Tu n’es pas en train de travailler, mais tu n’es pas vraiment là non plus.

Ce n’est d’ailleurs jamais comme ça que mes clientes le formule : pas « je n’arrive plus à décrocher » mais « j’ai trop de travail ». La nuance est importante.

Débordée et saturée, ce n'est pas la même chose

Débordée, c’est avoir trop de travail : c’est mesurable. Ça se voit dans l’agenda, dans la liste de tâches, dans les heures. Et théoriquement, ça se règle : on fait moins, on décale, on allège.

Saturée, c’est autre chose. Ce n’est pas une question de volume, c’est une question d’endroit.
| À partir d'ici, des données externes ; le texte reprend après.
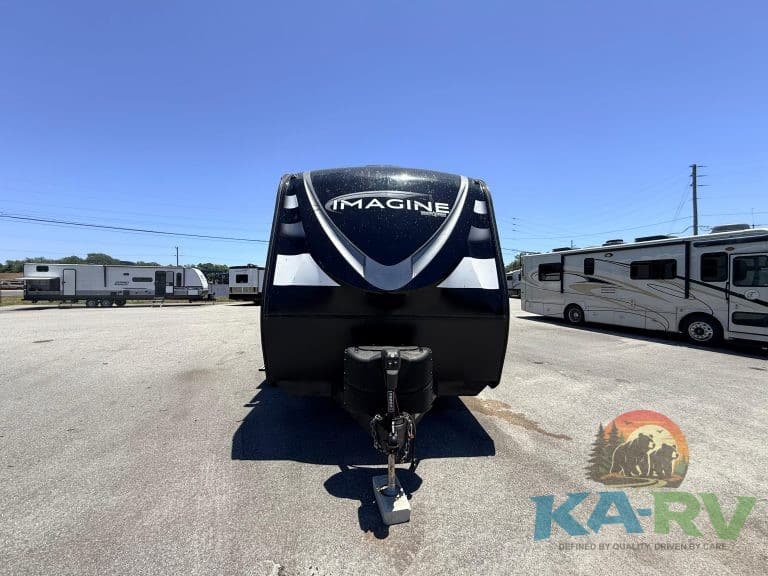 Travel trailer with "IMAGINE" branding, parked outdoors on a sunny day.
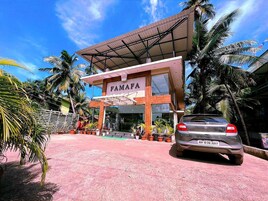 A building with a sign reading 'FAMAPA' and a parked car in front.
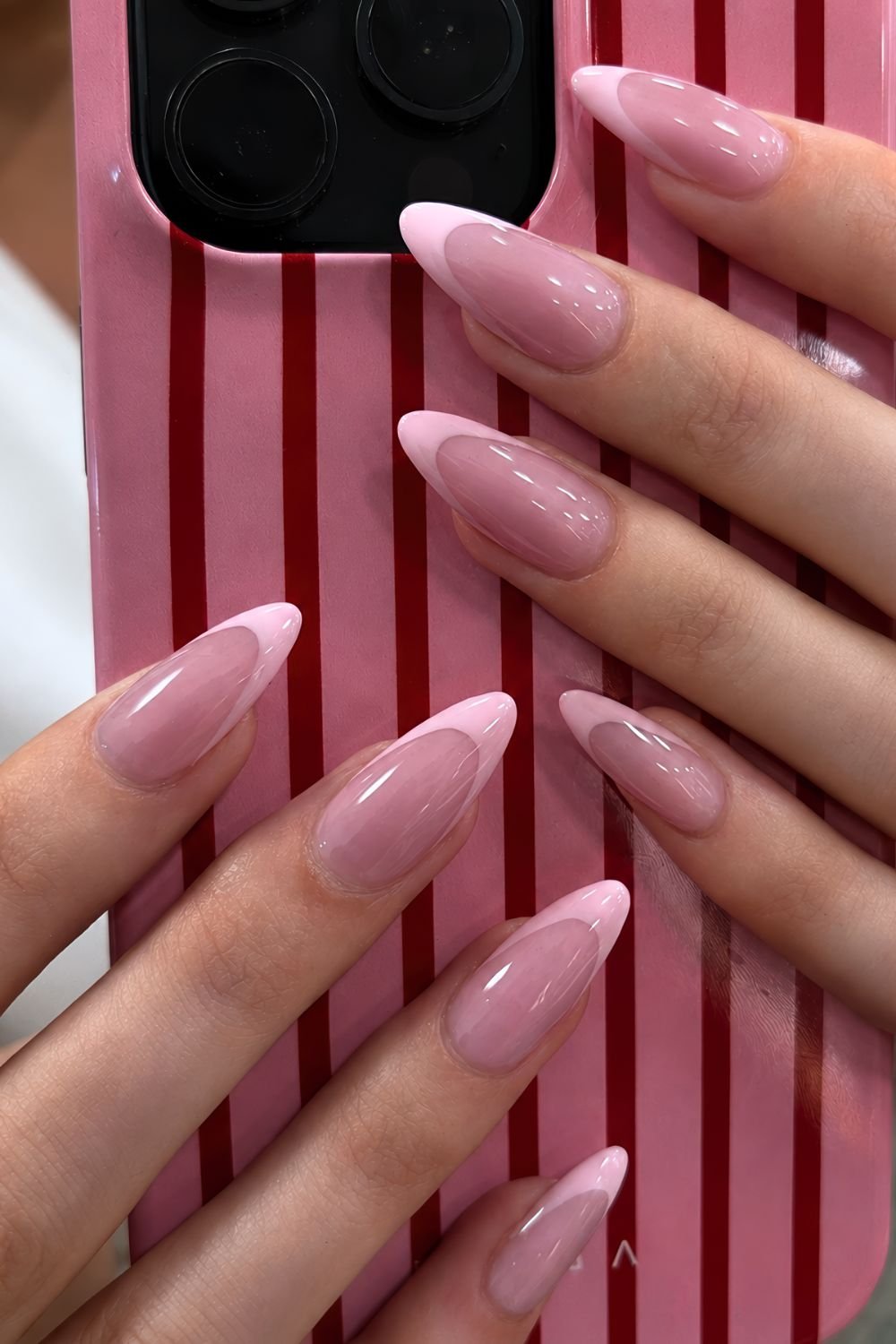 Pink on pink almond shaped French tip nails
Tout ce que tu dois te rappeler, tout ce que tu portes sans que personne ne le voit, tout ce qui n’est écrit nulle part parce que c’est dans ta tête que ça tient.

Tu peux avoir une journée légère et être saturée, tu peux partir en vacances et rester saturée. Parce que la saturation ne vient pas du travail que tu fais, mais du travail qui n’existe que dans ta tête.

Et un cerveau qui tient tout à bout de bras ne coupe pas. Même quand tu lui demandes.

Ce que personne ne te dit sur la charge mentale entrepreneuriale

On parle beaucoup de charge mentale dans la vie perso : les courses, l’organisation familiale, tout ce qui tourne en silence pendant qu’on fait autre chose.

Dans le business, c’est le même mécanisme sauf qu’il se déguise en engagement, en rigueur et en investissement.

« Elle pense à tout. » C’est souvent dit comme un compliment mais c’est le signe que quelque chose ne tient pas sans toi.

Pas de process qui avance seul, pas de structure qui retient l’information à ta place : tout repose sur ta présence mentale, ta vigilance constante, ta mémoire.

Ce n’est pas une question de caractère ni que tu es incapable de lâcher prise. C’est parce que ton business n’a pas d’autre endroit où exister que dans ta tête.

Pourquoi le repos ne change rien au fond

Le repos soulage, il ne résout pas.

Tu reviens d’un week-end et le lundi matin, tout est encore là. Les mêmes décisions en attente, les mêmes zones floues, le même flux qui repart dans ta direction parce qu’il n’y a nulle part ailleurs où aller.

Ce qui change quelque chose, c’est de faire exister le business en dehors de ta tête. Poser ce qui tourne en permanence dans un système, un process, une structure qui retient l’information à ta place qui avance sans que tu aies besoin d’y penser.

Pas pour te désinvestir mais pour que ton cerveau arrête de faire un travail qu’il n’aurait pas dû avoir à faire.

Ce que ça change quand la tête se libère

L’espace mental n’est pas une récompense. Ce n’est pas ce qu’on s’accorde quand tout est fini, parce que tout n’est jamais fini.

C’est une condition pour décider sans brouillard, pour voir à deux mois au lieu de survivre à demain, pour diriger au lieu de gérer.

Les entrepreneures qui ont cet espace ne travaillent pas moins, elles travaillent depuis un endroit différent elles voient leur business au lieu d’être dedans.

Ce soir, quand tu fermeras l’ordi et que ta tête continuera à tourner, ce ne sera pas parce que tu travailles trop.

Ce sera parce que ton business n’existe pas encore assez en dehors d’elle.

C’est une nuance mais elle change tout.